Liquor marketer Beam Suntory is doing away with its chief marketing officer role in favor of a more powerful “president of brands” position that it will fill with Carlsberg executive Jessica Spence.
Spence is making the move to Chicago-based Beam Suntory after spending seven years at Carlsberg, most recently as the Denmark-based brewer’s executive VP and chief commercial officer.
Beam Suntory, whose brands include Jim Beam, Maker’s Mark, Hornitos tequila and Effen vodka, created the new role nearly 10 months after its global CMO, Rebecca Messina, left for the CMO job at Uber. Messina left Uber earlier this month amid a corporate reorganization.
Beam Suntory described Spence’s duties as covering "end-to-end" oversight over global brand strategy, development and performance. Notably, she will get P&L responsibility over the company’s largest global brands, working alongside region presidents. (Messina did not have P&L responsibilities as CMO.) Spence’s duties include global innovation and product R&D, as well as emerging marketing technologies, integrated marketing communications and design.
The CMO position had been structured as a “center of excellence” role focused on marketing “without the follow-through on accountability for the performance of the brands,” Beam Suntory CEO Albert Baladi said in an interview.
By contrast, the president of brands is expected to work more closely with various departments. That includes collaborating with supply chain leaders to ensure products under development appeal to modern consumer tastes. That is an especially critical function in the whiskey market, where it typically takes years to bring products to the masses, given strict rules on barrel aging. “The brand team will have a lot more [of] a seat at the table defining 10, 20 years out, where do we see the brands going, what kind of liquid do we need to lay down,” Baladi said.
Spence had a similarly broad mandate at Carlsberg, where the chief commercial role gave her oversight of global marketing, sales, insights, R&D and innovation. She came to Carlsberg in 2012 after working for SABMiller. She also has ad agency experience, holding jobs at Leo Burnett and J Walter Thompson.
Baladi called her a “true brand builder at heart.” He said he was impressed by Carlsberg's recent move of “going back to their roots” to talk about the quality of their beers. That “really worked very well with where we are taking the company, which is a greater focus on quality,” Baladi said.
Carlsberg recently reformulated its flagship lager. To support the move, it ran a campaign in which it admitted that its old version was “probably not the best beer in the world,” which was a play on its classic tagline, “probably the best beer in the world." The brewer in the ads admitted to losing its way and focusing on quantity over quality.
Beam Suntory has been bolstered by strong whiskey demand.

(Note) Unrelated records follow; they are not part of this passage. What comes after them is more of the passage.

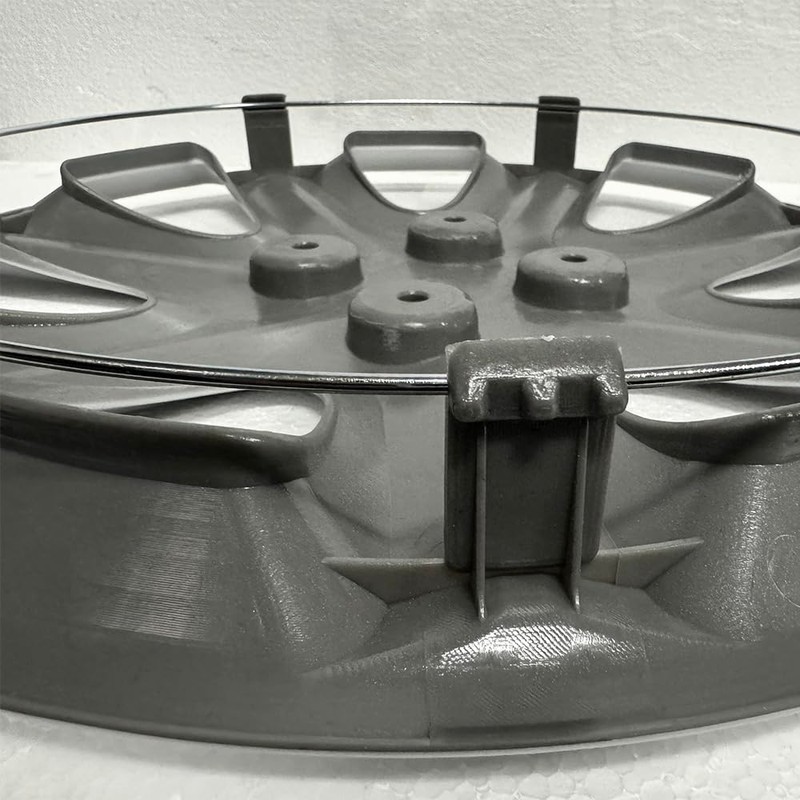 Brighter Design Set of 4 15" Push-on Silver Hubcaps for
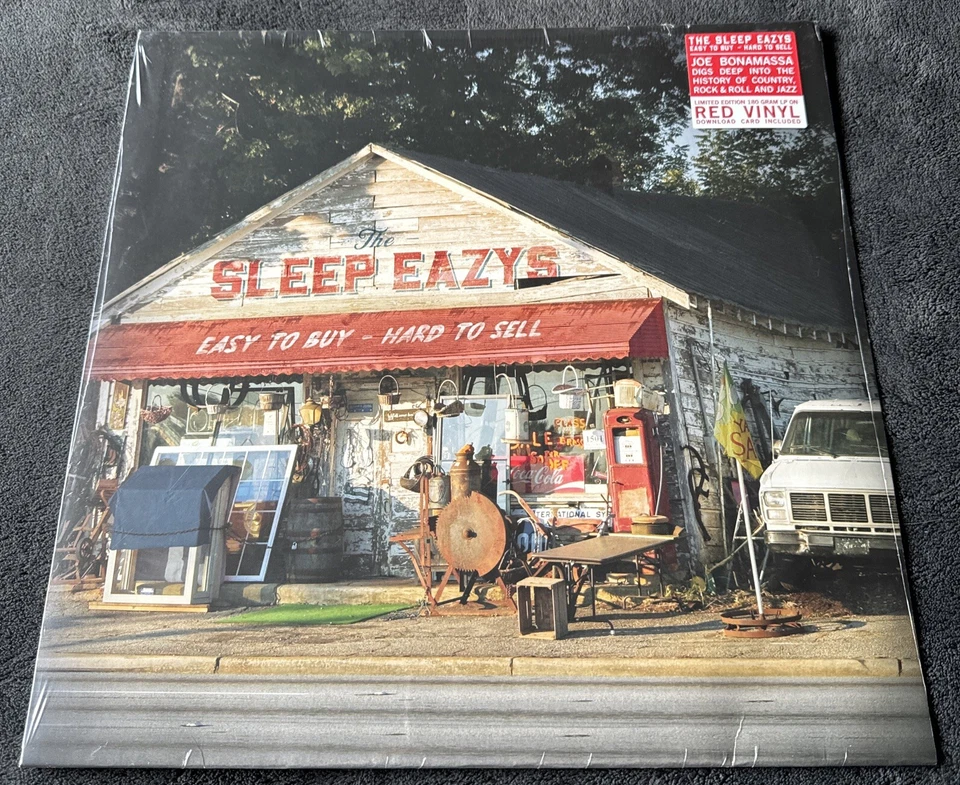 The Sleep Eazys ‎– Easy To Buy - Hard To Sell - Red Vinyl LP Album with D/L Code - Image 1 of 3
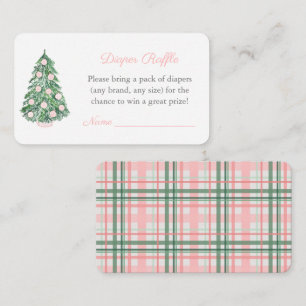 Cartão De Informações Chá de fraldas De Feriados Inteligentes Para Raffl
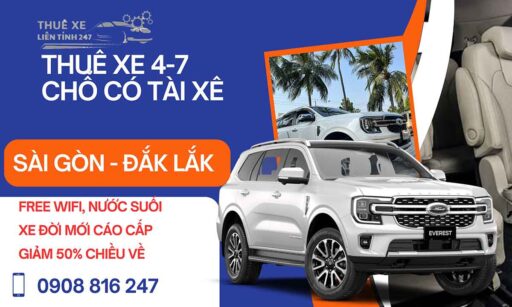 Thuê Xe Đi Đắk Lắk Từ TP.HCM – Xe Đời Mới, Có Tài Xế, 1 Chiều 2 Chiều Thuê Xe Đi Đắk Lắk Từ TP.HCM – Xe Đời Mới, Có Tài Xế, 1 Chiều 2 Chiều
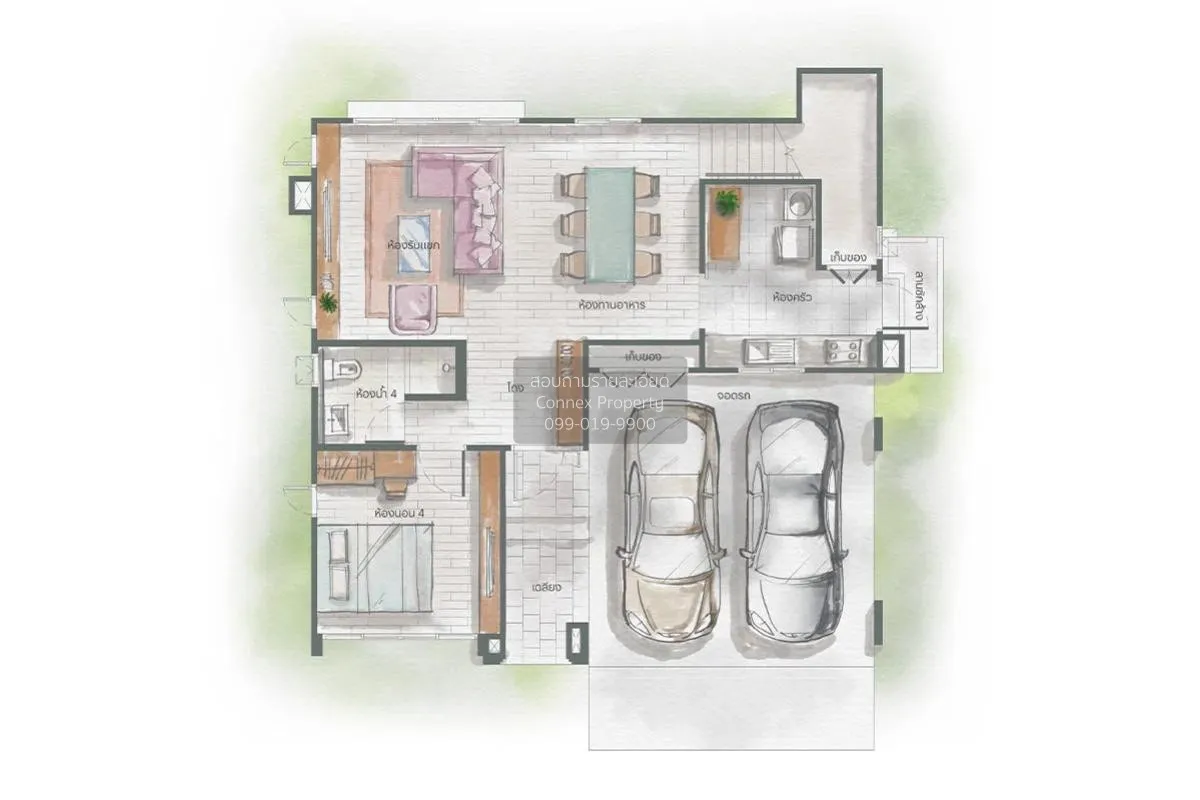 ขายบ้าน  สราญสิริ ประชาอุทิศ 90 บ้านคลองสวน พระสมุทรเจดีย์ สมุทรป 2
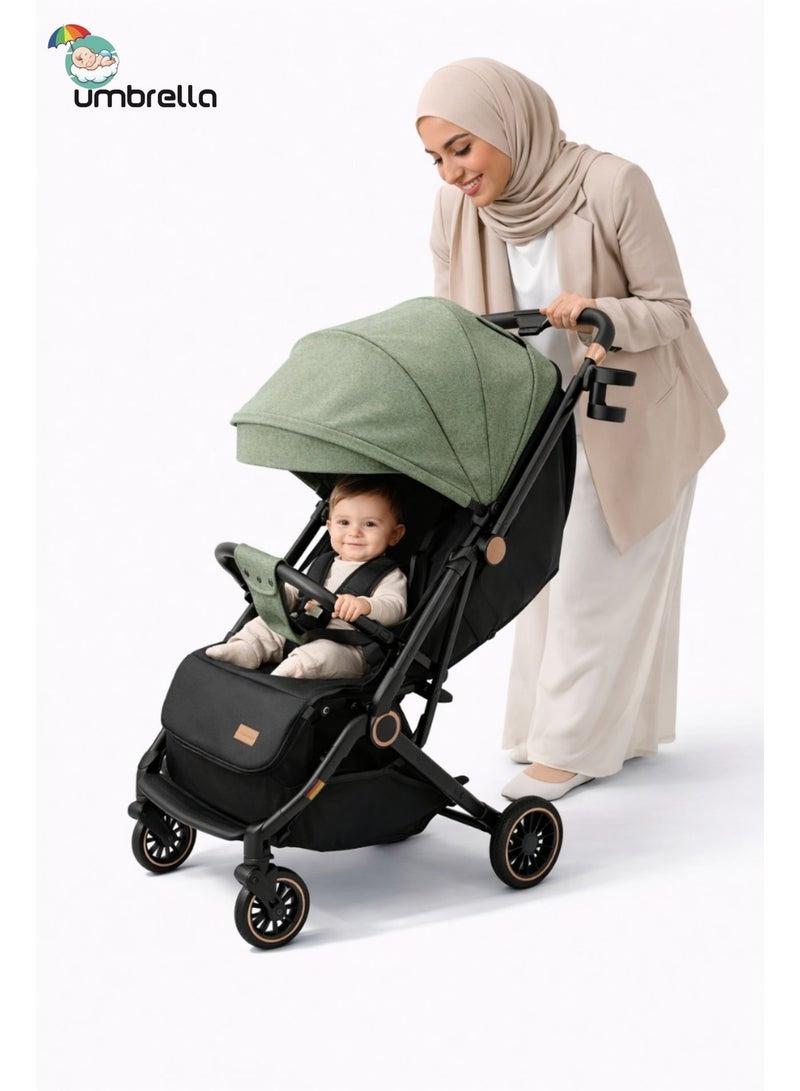 umbrella Stroller umbrella X5  flip arm High quality-dark green - Image 1
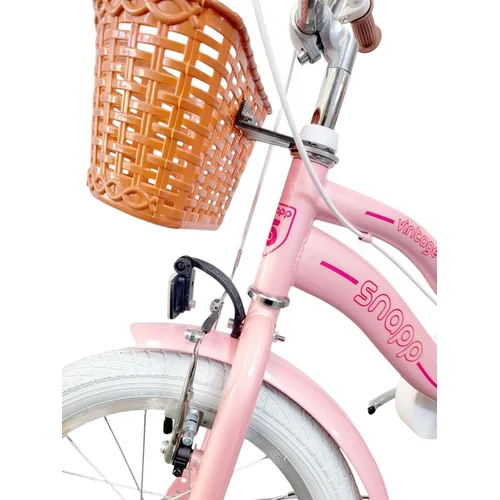 Snapp Bike Vintage 16″ rožinis vaikiškas dviratis image 2
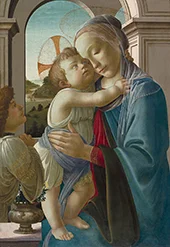 Virgin and Child with an Angel By Sandro Botticelli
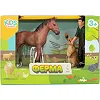 Детский игрушечный набор "Ферма" Q9899-T1_1 кролик, лошадка, фермер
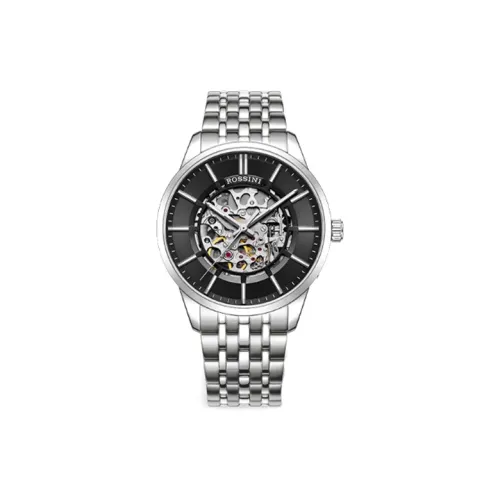 ROSSINI Механические Мужские Часы Movement 40 мм Черные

Its flagship Jim Beam brand grew sales volume by nearly 7 percent in the three months ending in March, while Maker’s Mark was up by more than 9 percent, according to a recent report from Sanford C. Bernstein.
In January the company debuted a new campaign for Jim Beam by Adam & Eve DDB New York called “Raised Right." Ads dig into the brand’s heritage, while also plugging quality measures like barrel-ageing the bourbon "twice as long as the law requires."